SOB AS CINZAS DA QUARTA, O ANO COMEÇA...

A vida real no Brasil (todos sabem disto) só começa depois que o carnaval acaba. Enquanto isso o povo brasileiro vive embalado pelo encanto natalino, pela expectativa da virada do ano, pelo frescor da cerveja nas praias lotadas de corpos seminus e sensuais. Enfim, o brasileiro se dá férias prolongadas e o direito de recomeçar realmente na ativa só depois que, o último acorde da bateria anunciar: “Ai, ai, ai ai... está chegando a hora..."

A quarta-feira de cinzas desponta. O sol forte e efusivo sacode os últimos vestígios de confete e purpurina que, sobrevivem ao carnaval. A sensação da vida ressurgindo invade as ruas, e se faz na pressa em retomar as atividades que estiveram adormecidas desde o natal.

Costumes são costumes e de nada adianta ficar contestando hábitos que estão arraigados na cultura de um povo, por mais absurdos que possam parecer. E aqui no nosso país é assim.
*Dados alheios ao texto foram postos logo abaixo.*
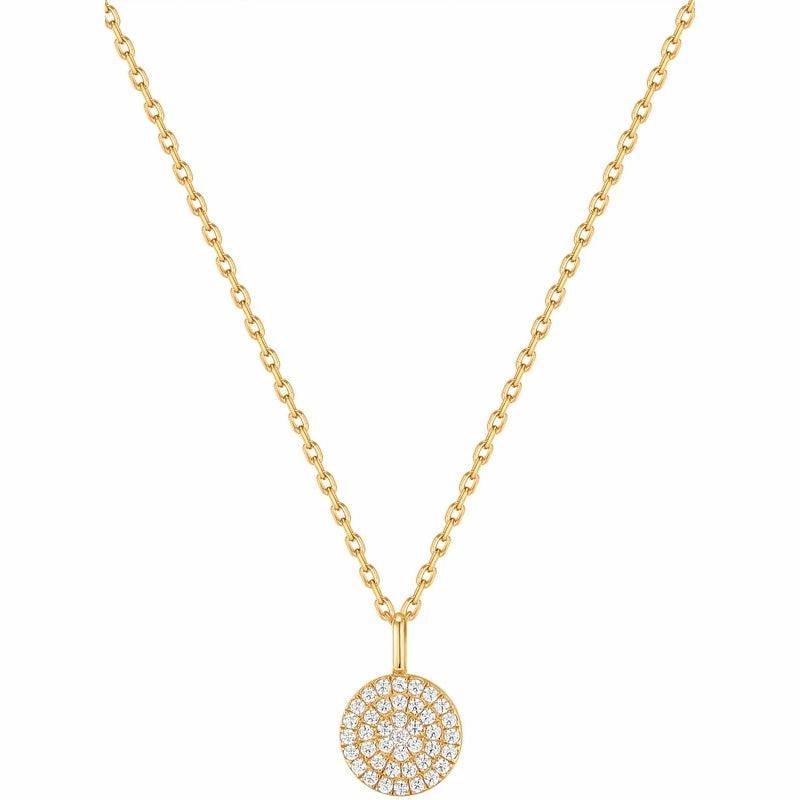 Ania Haie Glam Disc Pendant Necklace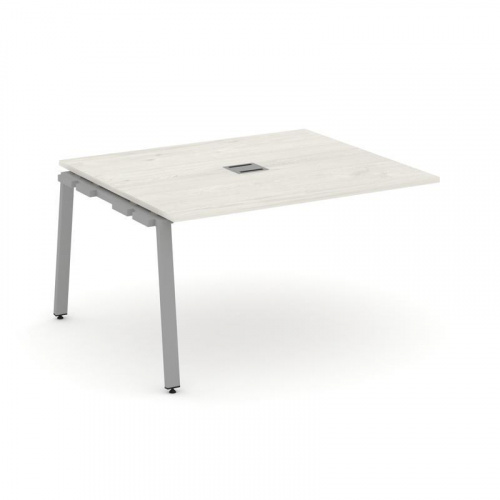 Style Project Проходной наб. элем. перег. стола SN-6A.NSPRG-034 Дуб Наварра/Металл Белый 1580*1180*7 фото 11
Depois de alguns meses de pura curtição, o povo vai para as ruas na quarta-feira pós-carnaval como quem leva a marca de cinza na testa.Da tradição do Oriente Médio guardamos a simbologia do arrependimento perante Deus. O dever da conversão, da mudança de vida. E haja cinza!

Entramos na quaresma, pelo calendário ocidental. Quarenta dias (se não contarmos os domingos) de preparação para a páscoa. Ainda hoje, um incontável número de pessoas promete o jejum e abstinência, inspirados nos quarenta dias em que Jesus passou jejuando e rezando, antes de voltar a Jerusalém, quando foi preso e executado.

Nunca entendi o jejum em que não se come carne na quarta e na sexta-feira santas, porém camarão, bacalhau, salmão, linguado e outros peixes nobres compõem o cardápio santificado. Algo em minha mente sempre me fez crer que, era mais um jeitinho brasileiro de “passar a perna” na tradição católica. Larguei mão do medo que tentaram me incutir e ignoro o pecado que cometo em comer carne se assim desejar e que deixa o cardápio pela metade do preço.

São louváveis, sem dúvida, atitudes que têm como objetivo aproximar-se de Jesus e de sua missão neste planeta. O inaceitável é a hipocrisia que mascara estas atitudes. Se o cara que deixa de beber na quaresma é o mesmo que sobrepuja as outras pessoas. Se os beatos que suprimem a dança, a música, a festa, nestes quarenta dias, são os mesmos que invejam, difamam, humilham. Que sentido resta à penitência?

Pratico o respeito por cada pessoa em seus hábitos, costumes e crenças. Por isso afirmo que, certas discussões e rebeldias tornam-se vãs. Vivemos numa sociedade heterogênea em todos os sentidos. O ideal seria que, cada um descobrisse o seu caminho e ditasse regras apenas a si mesmo, naquilo que considerasse necessário. Natal para quem sonha. Carnaval para quem gosta. Quaresma para quem crê. Sem hipocrisia.

Do meu camarote particular vejo a Beija-Flor passar esplendorosa. Faces escuras ocultas sob a magia que se acaba em poucas horas. A quarta-feira chega varrendo os sonhos. O ano começa. Tudo volta ao que sempre foi. Nos barracões da vida alinhavam-se novas fantasias. Ela é assim. E é bonita, é bonita!